9NEWS' Steve Staeger has an interesting story up about a mailer hitting SD-16 Republican Senate candidate Tim Neville on his longstanding (and as far as we know, ongoing) support for the Colorado Personhood abortion ban amendments. As has emerged as a major controversy in Colorado's U.S. Senate race this year, the language in the Personhood measures conferring rights from "the moment of fertilization" could have a broad range of consequences, including outlawing common forms of so-called "abortifacient" birth control.
And as the mailer in question from Mainstream Colorado explains to SD-16 voters, Personhood could do something else, too:
The mailer, sent to women in the 16th State Senate District, claims Tim Neville supports a plan that could allow the government to investigate women who have suffered a miscarriage.
"Why would anyone in their right mind try to do something like that," Neville responded to the ad…
"We know that Tim Neville has supported personhood measures in the past," said Cathy Alderman, VP of public affairs for Planned Parenthood Votes Colorado.
Alderman says personhood measures can lead to investigations into miscarriages by police or district attorneys.
"If a woman were to lose that pregnancy or choose to terminate that pregnancy that is then determined to be the death of a person, and so any actions she takes in regards to that pregnancy could be investigated as a potential felony or a manslaughter claim," she said. [Pols emphasis]
Alderman admits the bill does not specifically allow investigations into miscarriages, as the ad seems to claim…
That's technically true. As we've noted repeatedly, the Personhood abortion ban amendments that Colorado voters have rejected over and over are very short–one or two sentences defining unborn as persons with rights from "the moment of fertilization." But as experts, fact checkers, and even the proponents of the Personhood measures agree, those words would have very broad effects: outlawing all abortions including in cases of rape or incest, and even outlawing birth control that would have the effect of "killing" a fertilized egg.
It is precisely those "penumbral" conseqeunces of Personhood that led Cory Gardner to publicly abandon support for the measures soon after entering the U.S. Senate race. The exact interpretation of the law if passed would be hashed out by the courts and enabling legislation, but it's the very same language granting rights from "the moment of fertilization" that creates the potential for a ban on "abortifacient" birth control–and yes, even criminal investigations of miscarriages.

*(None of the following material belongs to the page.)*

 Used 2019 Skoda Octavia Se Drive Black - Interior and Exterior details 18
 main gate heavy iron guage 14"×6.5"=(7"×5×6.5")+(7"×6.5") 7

In Wednesday's U.S. Senate debate, moderator Kyle Clark coolly informed Gardner that "we will not debate" the effects of his federal Life at Conception Act–Gardner's federal Personhood bill with the same "moment of fertilization" language that opens the door to the measure's worst hypothetical effects. Meaning that for the purposes of that debate, Clark was not interested in hearing diversionary arguments that conflict with the plain and very simple language of the bill.
Well, folks, if it's true for Cory Gardner, it's true for Tim Neville too.